Rich-poor gap widens in communist Vietnam, but millions climbing
Rich-poor gap widens in communist Vietnam, but millions climbing out of poverty
[ Eds: The Vietnam war ended on April 30, 1975.[ AP Photos DL101, 103-104[ By DENIS D. GRAY= Associated Press Writer= HANOI, Vietnam (AP) -
Denis D. Gray Associated Press/Hanoi
Chu Thi Thanh Ha, who grew up studying by the light of an oil lamp and eating rationed rice, dines in trendy restaurants, vacations in the United States and is daily chauffeured to her office at Vietnam's largest private IT enterprise.
"We want to establish a vital community of the young on the Net. Every year we must produce new services to get more customers -- and make more money," says the deputy managing director of FPT Communications, her voice crackling with energy.
At 31, Ha is among those in the postwar generation who have seized opportunities in communist Vietnam's increasingly free enterprise economy to make very good through talent, grit and sometimes graft.

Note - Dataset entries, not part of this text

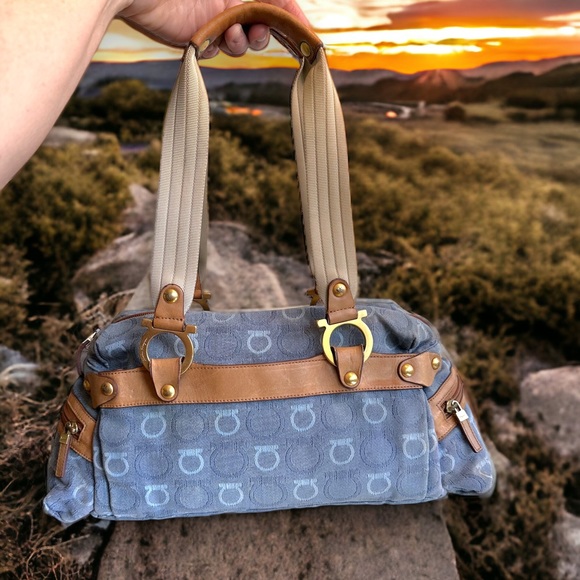 Ferragamo cotton blue denim shoulder satchel leather w/dustbag #H76c - Picture 4 of 10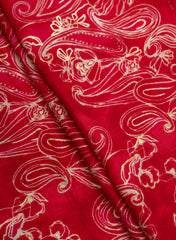 Pure Rayon Dark Pink Color Paisley Pattern Screen Print Fabric With Foil Big Panna.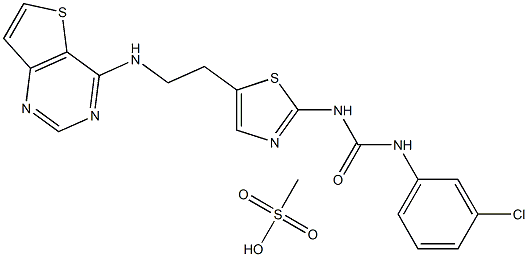 N-(3-Chlorophenyl)-N'-[5-[2-(thieno[3,2-d]pyrimidin-4-ylamino)ethyl]-2-thiazolyl]urea methanesulfonate (1:1)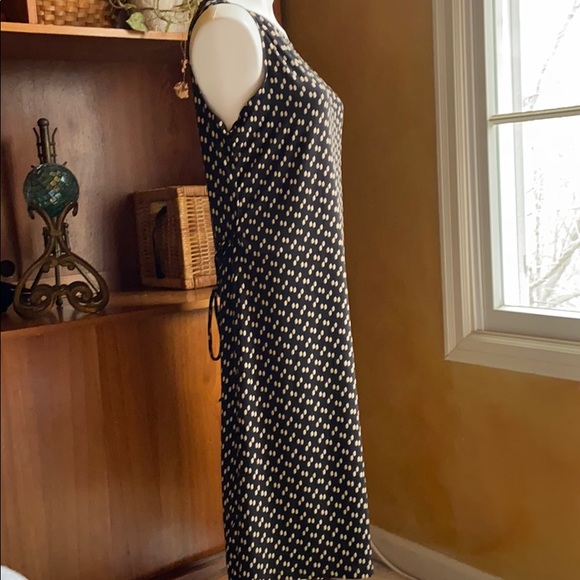 XL MERONA STRETCH JERSEY DRESS BLACK AND TAN DOT - Picture 2 of 13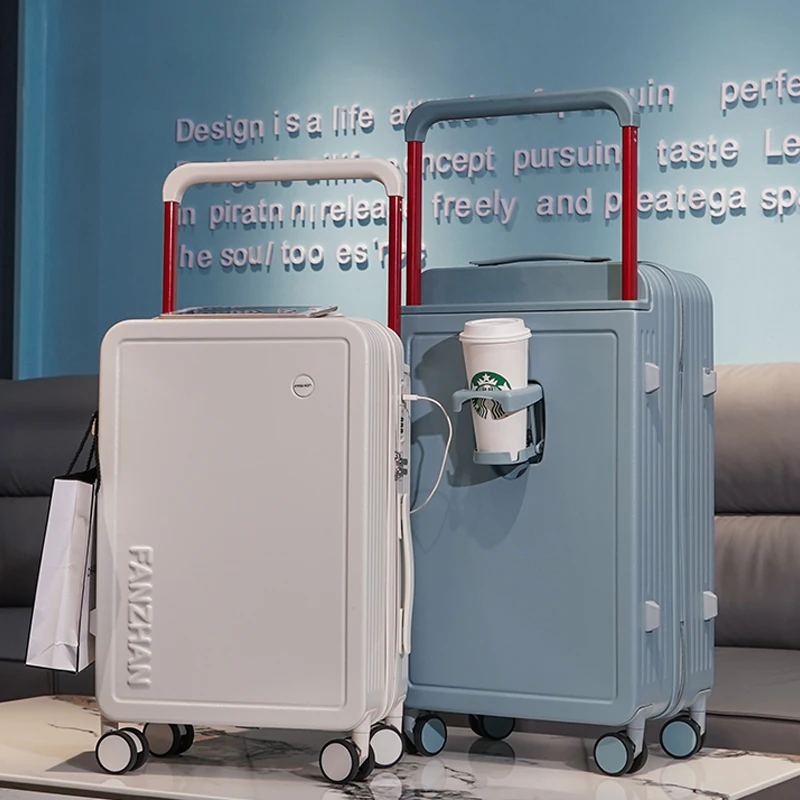 20 Inch Travel Suitcase Carry-On Luggage Trolley Case with Cup Holder USB Charging travel bag,pull bar suitcase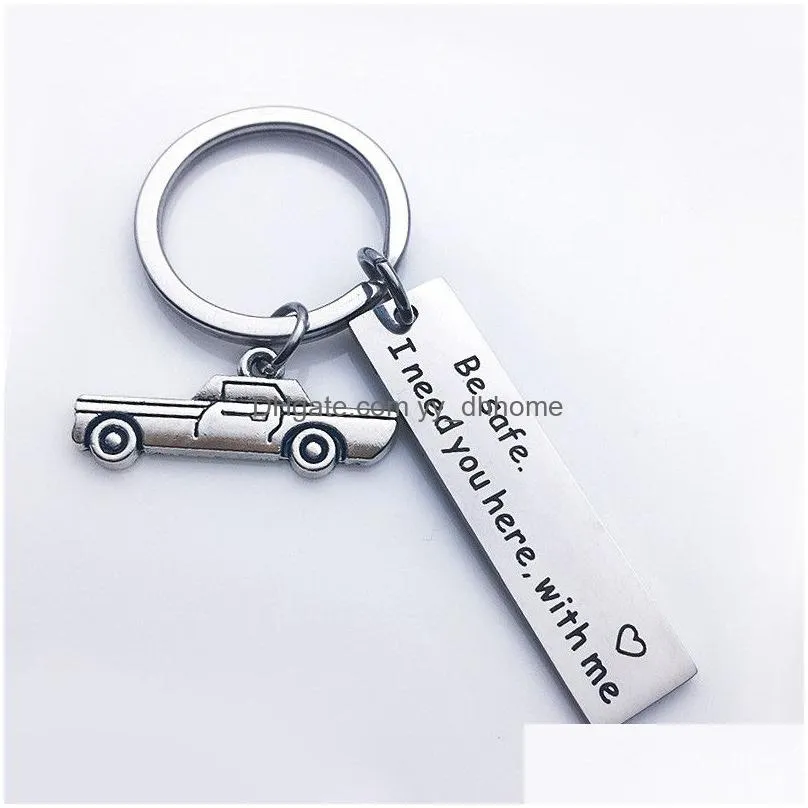 stainless steel drive safe keychain tag love i need you keyring bag hangs safe driving women mens fashion jewelry will and sandy gift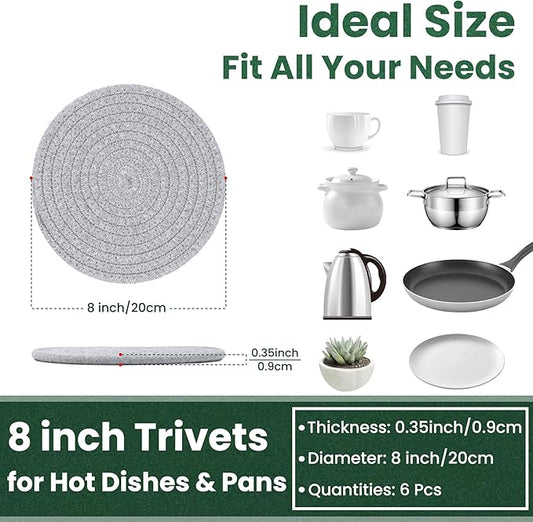8 Inch Trivets for Hot Dishes, Hot Pots and Pans, Thick Heat Resistant Large Coaster for Kitchen, Hot Pads, Kitchen Essentials, Kitchen Decor for Table & Countertop, 6 Pcs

"Even my parents couldn't have dreamed of what has happened to their daughter," the smartly dressed executive says in fluent English.
The new elite, centered largely in Hanoi and Ho Chi Minh City, snaps up US$100,000 luxury cars and real estate with Tokyo-high prices -- with cash or gold up front.
But 30 years after the Vietnam War ended and reconstruction began, anything approaching such prosperity has yet to spread to the masses, despite the country's espousal of communism's ideals of equality.
The average per capita income among the 1,600 residents of Kim Lien, the rural commune in central Vietnam where communist revolutionary Ho Chi Minh was born, hovers around US$300 a year -- or less than a dollar a day. Hanoi's yuppies think nothing of paying more than double that daily wage for a latte.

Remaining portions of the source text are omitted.